Redefine success based on your child’s unique strengths and interests. Then help your child pursue that image of success. How can you do this? By fostering traits that lead to success. One such trait that research shows can lead to success, especially for those with LD, is perseverance—the ability to keep going, despite challenges or setbacks.
A Model of Resolve
Watch and learn. As you well know, your child is continually doing just that. And, you’re the very first teacher. So when it comes to perseverance, what are the lessons you’re teaching? Do you give up after the first try at something new? Is your knee-jerk response to turn to others as problem solvers? If so, give these habits a second look. If you want your child to persevere, you must do so as well. To paraphrase Gandhi, “Be the change you want to see in your family.”
Still, it’s also important for your children—whether learning disabled or not—to know that their parents’ lives have not always been a bed of roses.
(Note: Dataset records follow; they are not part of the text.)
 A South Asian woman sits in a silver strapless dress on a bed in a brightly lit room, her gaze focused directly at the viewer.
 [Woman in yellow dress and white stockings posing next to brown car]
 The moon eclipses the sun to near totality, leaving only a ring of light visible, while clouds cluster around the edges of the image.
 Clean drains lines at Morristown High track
Jeff Rice, principal of one of the Briarwood Schools in Houston, TX, serving students with LD and developmental delays, uses himself as an example.
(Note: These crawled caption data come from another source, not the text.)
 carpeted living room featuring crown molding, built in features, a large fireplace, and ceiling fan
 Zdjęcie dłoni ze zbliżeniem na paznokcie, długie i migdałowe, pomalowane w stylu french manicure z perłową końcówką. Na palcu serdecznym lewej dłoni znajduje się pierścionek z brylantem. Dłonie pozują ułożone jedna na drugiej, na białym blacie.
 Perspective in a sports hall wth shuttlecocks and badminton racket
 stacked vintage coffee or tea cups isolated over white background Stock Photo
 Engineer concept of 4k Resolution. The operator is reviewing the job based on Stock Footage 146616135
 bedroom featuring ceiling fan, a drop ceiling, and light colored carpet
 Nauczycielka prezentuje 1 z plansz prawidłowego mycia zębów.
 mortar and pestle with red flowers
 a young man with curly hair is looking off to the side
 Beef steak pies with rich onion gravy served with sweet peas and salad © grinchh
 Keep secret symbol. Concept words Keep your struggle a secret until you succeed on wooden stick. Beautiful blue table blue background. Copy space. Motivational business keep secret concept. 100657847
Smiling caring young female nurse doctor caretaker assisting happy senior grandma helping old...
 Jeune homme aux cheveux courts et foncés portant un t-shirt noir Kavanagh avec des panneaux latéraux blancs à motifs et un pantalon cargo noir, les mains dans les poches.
“I hit my wall in high school with math,” he says, describing why, when he went to college, he took a required calculus class as pass/fail. He worked really hard, but still failed the class. It was only after one-on-one work with a teacher and retaking the class over the summer that he was able to earn a solid B+. Sharing experiences like these can help your child understand that everyone struggles and everyone needs to practice stick-to-itiveness.
Here are a few other tips for teaching your child how to persist.
Size up the situation.
Paul J. Gerber, PhD, professor of Special Education and Disability Policy at the Virginia Commonwealth University in Richmond, VA, describes the importance of sizing up each situation to see whether you can adapt to it or make it adapt to you. This, he says, is an ”incubator,” a thought process for good problem solving. He calls it “learned creativity,” the opposite of learned helplessness where you give up because you think you’re prone to failure. (So, why try?) People with that mindset, he says, are often marginally adjusted to adulthood or become very dependent. But the closer you are to being able to shape situations for your best purposes, the more creative and successful is your approach to the world.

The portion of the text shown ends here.